For the complete list of metrics that the Monasca Agent supports see "Checks" below.
The Agent is extensible through configuration of additional plugins, written in Python.
# Architecture
This section describes the overall architecture of the Monasca Agent. The agent consists of the supervisor, collector, forwarder and statsd daemon.
This diagram illustrates the monasca-agent architecture, and the table which follows it explains each component.
![alt text](monasca-agent_arch.png)
The flow of the agent application goes like this:
* The collector runs based on a configurable interval and collects the base system metrics such as cpu or disk utilization as well as any metrics from additional configured plugins such as mySQL or Kafka.
* The statsd daemon allows users to send statsd type messages to the agent at any time. These messages are flushed periodically to the forwarder.
* The forwarder, is a Tornado web server application that takes the metrics from the collector and statsd daemon, normalizes the metric names and forwards them on to the Monasca-API.
* Once sent to the Monasca-API, the metrics continue through the Monasca pipeline and end up in the Metrics Database.
* The collector then waits for the configured interval and restarts the collection process.
The Agent is composed of the following components:
* Supervisor (supervisord): Manages the lifecycle of the Collector, Forwarder and Statsd Daemon.
* Collector (monasca-collector): Collects system and other metrics and sends to the Forwarder.
* Forwarder (monasca-forwarder): Sends metrics to the API.
* Statsd Daemon (monasca-statsd): Statsd daemon.

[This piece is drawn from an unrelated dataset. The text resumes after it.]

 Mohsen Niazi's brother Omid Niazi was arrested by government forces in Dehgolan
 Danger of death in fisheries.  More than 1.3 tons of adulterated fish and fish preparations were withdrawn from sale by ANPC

* Monasca Setup (monasca-setup)
| Component Name | Process Name | Description |
| -------------- | ------------ | ----------- |
| Supervisor | supervisord | Runs as root, launches all other processes as the "monasca-agent" user. This process manages the lifecycle of the Collector, Forwarder and Statsd Daemon. It allows Start, Stop and Restart of all the agent processes together. |
| Collector | monasca-collector | Gathers system & application metrics on a configurable interval and sends them to the Forwarder process. |
| Forwarder | monasca-forwarder | Gathers data from the collector and statsd and submits it to Monasca API over SSL (tcp/17123) |
| Statsd Daemon | monasca-statsd | Statsd engine capable of handling dimensions associated with metrics submitted by a client that supports them. Also supports metrics from the standard statsd client. (udp/8125) |
| Monasca Setup | monasca-setup | The monasca-setup script collects command-line arguments and configures the and starts the agent. the Monasca Setup program can also auto-detect and configure certain agent plugins |
| Agent Checks | checks.d/*.py | Python-based user-configured checks. These checks can be for other applications or services to verify functionality or gather statistics on things such as messages processed, etc. Each additional agent check must be configured using a yaml file for a specific plugin that provides the additional functionality located in the conf.d directory. |
The Agent includes the "monasca-setup" script, that can be used for automatically configuring the agent to generate metrics that are sent to the API. It creates the agent.conf file locate in /etc/monasca/agent directory. It also sets up additional checks based on what is running locally on that machine. For instance, if this is a compute node, the agent will setup checks to monitor the Nova processes and setup a http_status check on the nova-api. It can also detect other servers such as mySQL and Kafka and setup checks for them as well.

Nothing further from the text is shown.